PROBLEM:
Leave out pictures; repeat exactly the lines from the "4-[2-(2-Oxo-benzooxazol-3-yl)-acetylamino]-benzoic acid ethyl" line through the last of the data below.

MATERIAL PROVIDED:
= Beginning of Section =

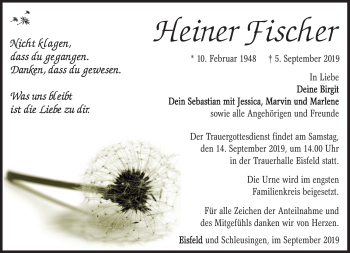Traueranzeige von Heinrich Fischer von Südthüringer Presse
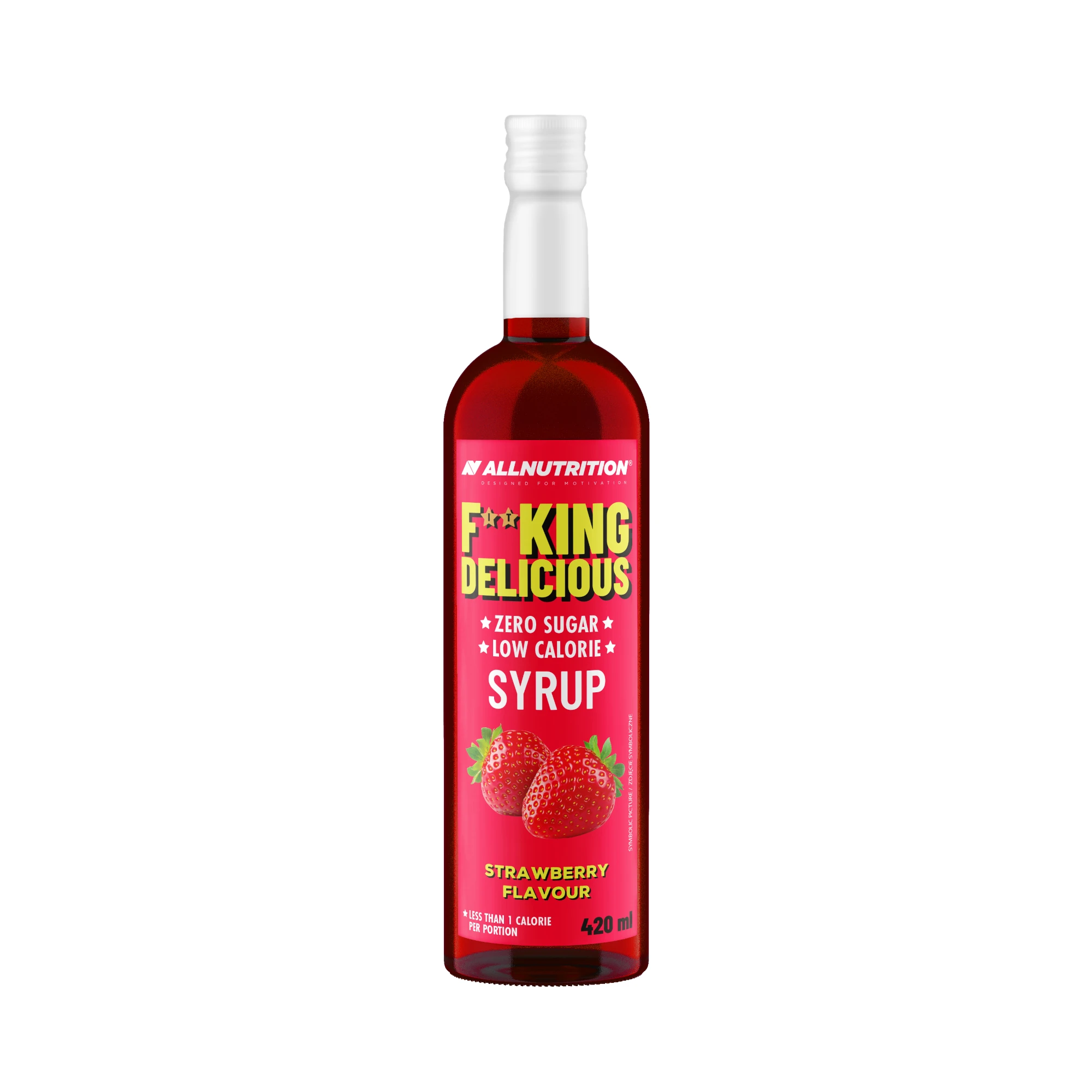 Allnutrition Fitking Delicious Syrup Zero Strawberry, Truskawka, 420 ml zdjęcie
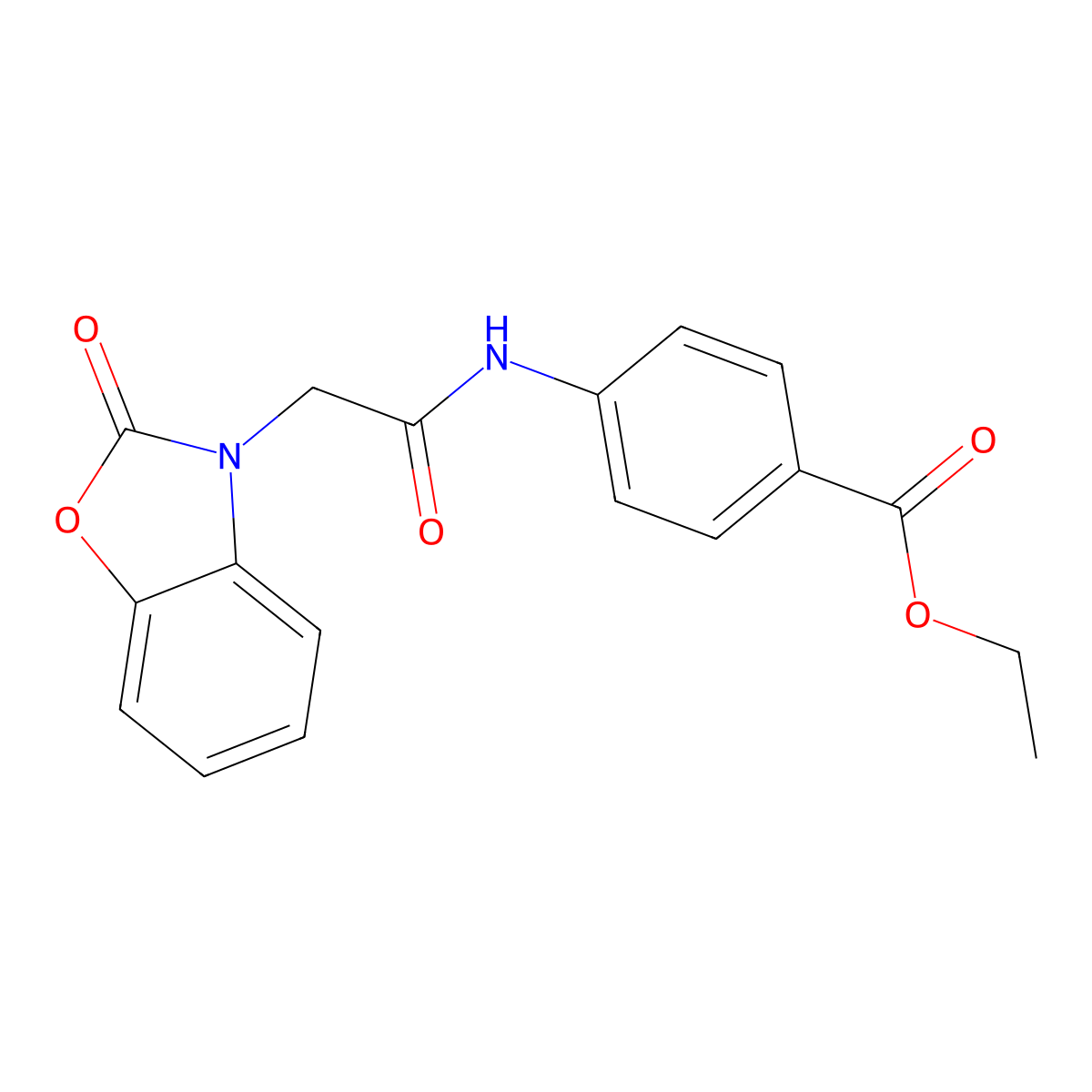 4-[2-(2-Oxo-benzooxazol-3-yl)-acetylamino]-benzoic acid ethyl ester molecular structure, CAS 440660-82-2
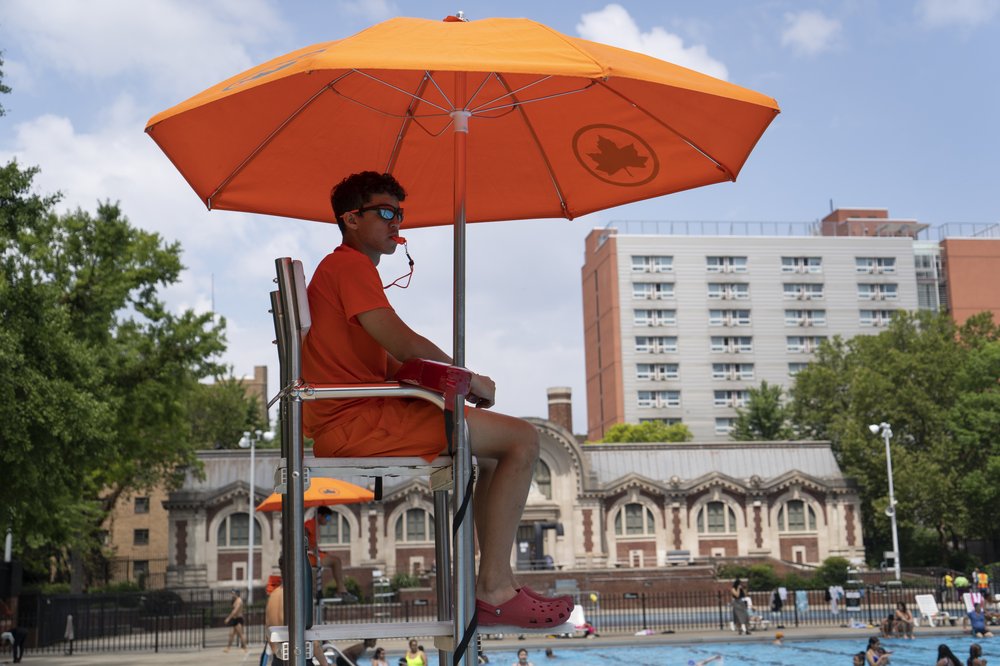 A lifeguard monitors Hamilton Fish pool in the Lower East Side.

= End of Section =

SOLUTION:
 4-[2-(2-Oxo-benzooxazol-3-yl)-acetylamino]-benzoic acid ethyl ester molecular structure, CAS 440660-82-2
 A lifeguard monitors Hamilton Fish pool in the Lower East Side.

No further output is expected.